SECTION 2.13 Interest.

(a) The Loans shall bear interest at the Applicable Rate.

(b) [Reserved].

(c) Notwithstanding the foregoing, during the occurrence and continuance of an Event of Default, the Administrative Agent or the Required Lenders may, at their option, by notice to the Borrower (which notice may be revoked at the option of the Required Lenders notwithstanding any provision of Section 9.02 requiring the consent of “each Lender affected thereby” for reductions in interest rates), declare that (i) all Loans shall bear interest at 2% plus the rate otherwise applicable to such Loans as provided in the preceding paragraphs of this Section or (ii) in the case of any other amount outstanding hereunder, such amount shall accrue at 2% plus the Applicable Rate.

(d) Accrued interest on each Loan (accrued through the last day of the current calendar quarter) shall be payable in arrears on each Interest Payment Date for such Loan and shall be paid in kind by capitalization as additional principal and not in cash, and such capitalized interest (the “PIK Interest”) shall thenceforth be considered an amount of outstanding principal, for all purposes hereof (and shall bear interest in accordance with this Section 2.13); provided that (i) interest accrued pursuant to paragraph (c) of this Section shall be payable on demand and (ii) in the event of any repayment or prepayment of any Loan, accrued interest on the principal amount repaid or prepaid shall be payable in cash on the date of such repayment or prepayment.

(e) All interest hereunder shall be computed on the basis of a year of 360 days, and shall be payable for the actual number of days elapsed (including the first day but excluding the last day).
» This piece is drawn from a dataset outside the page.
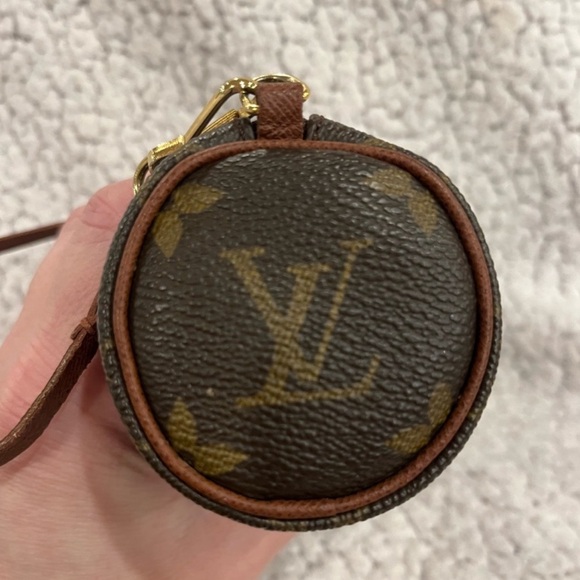 Authentic Louis Vuitton Mini Papillon Monogram Handbag with Strap - Picture 7 of 11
(f) Notwithstanding the foregoing, if any principal of or interest on any Loan or any fee or other amount payable by the Borrower hereunder is not paid when due, whether at stated maturity, upon acceleration or otherwise, such overdue amount shall bear interest, after as well as before judgment, at a rate per annum equal to the default rate described in paragraph (c) of this Section to the fullest extent permitted by applicable law.

 

35


(g) For purposes of the Interest Act (Canada), whenever any interest or fee under this Agreement is calculated using a rate based on a year of 360 days, the rate used pursuant to such calculation, when expressed as an annual rate, is equivalent to (a) the applicable rate based on a year of 360 days, (b) multiplied by the actual number of days in the calendar year in which the period for which such interest or fee is payable (or compounded) ends, and (c) divided by 360 . The principle of deemed reinvestment of interest does not apply to any interest calculation under this Agreement, and the rates of interest stipulated in this Agreement are intended to be nominal rates and not effective rates or yields.

SECTION 2.14 [Reserved].

SECTION 2.15 Increased Costs(a) .

(a) If any Change in Law shall:

(i) impose, modify or deem applicable any reserve, special deposit, liquidity or similar requirement (including any compulsory loan requirement, insurance charge or other assessment) against assets of, deposits with or for the account of, or credit extended by, any Lender; or

(ii) impose on any Lender any other condition, cost or expense (other than Taxes) affecting this Agreement or Loans made by such Lender; or

(iii) subject any Recipient to any Taxes (other than (A) Indemnified Taxes, (B) Taxes described in clauses (b) through (d) of the definition of Excluded Taxes and (C) Connection Income Taxes) on its loans, loan principal, letters of credit, commitments, or other obligations, or its deposits, reserves, other liabilities or capital attributable thereto;

and the result of any of the foregoing shall be to increase the cost to such Lender or such other Recipient of making, continuing, converting into or maintaining any Loan (or of maintaining its obligation to make any such Loan) or to increase the cost to such Lender or to reduce the amount of any sum received or receivable by such Lender or such other Recipient hereunder (whether of principal, interest or otherwise), then the Borrower will pay to such Lender or such other Recipient, as the case may be, such additional amount or amounts as will compensate such Lender or such other Recipient, as the case may be, for such additional costs incurred or reduction suffered.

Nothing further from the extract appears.